As described herein, aspects of the disclosure provide for multimodal data processing. Examples of machine learning tasks follow, which may be combined or performed separately on inputs with different modalities. Example tasks include image attribution or categorization, information extraction, responding to information-seeking questions relying on texts in images, document parsing, infographic or visual aid question answering, etc.

As an example, the input to the machine learning model can be in the form of images and videos. A machine learning model can be configured to extract, identify, and generate features as part of processing a given input, for example as part of a computer vision task. A machine learning model trained to perform this type of machine learning task can be trained to generate an output classification from a set of different potential classifications. In addition, or alternatively, the machine learning model can be trained to output a score corresponding to an estimated probability that an identified subject in the image or video belongs to a certain class.

As another example, the input to the machine learning model can be data files corresponding to a particular format, e.g., HTML files, word processing documents, or formatted metadata obtained from other types of data, such as metadata for image files. A machine learning task in this context can be to classify, score, or otherwise predict some characteristic about the received input. For example, a machine learning model can be trained to predict the probability received input includes text relating to a particular subject. Also, as part of performing a particular task, the machine learning model can be trained to generate text predictions, for example as part of a tool for auto-completion of text in a document as the document is being composed. A machine learning model can also be trained to predict a translation of text in an input document to a target language, for example as a message is being composed.

Other types of input documents can be data relating to characteristics of a network of interconnected devices. These input documents can include activity logs, as well as records concerning access privileges for different computing devices to access different sources of potentially sensitive data. A machine learning model can be trained for processing these and other types of documents for predicting on-going and future security breaches to the network. For example, the machine learning model can be trained to predict intrusion into the network by a malicious actor.
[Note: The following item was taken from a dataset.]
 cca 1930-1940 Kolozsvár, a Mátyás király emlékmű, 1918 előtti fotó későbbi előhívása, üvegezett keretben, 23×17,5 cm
As another example, the input to a machine learning model can be audio input, including streamed audio, pre-recorded audio, and audio as part of a video or other source or media. A machine learning task in the audio context can include speech recognition, including isolating speech from other identified sources of audio or enhancing characteristics of identified speech to be easier to hear. A machine learning model can be trained to predict an accurate translation of input speech to a target language, for example in real-time as part of a translation tool.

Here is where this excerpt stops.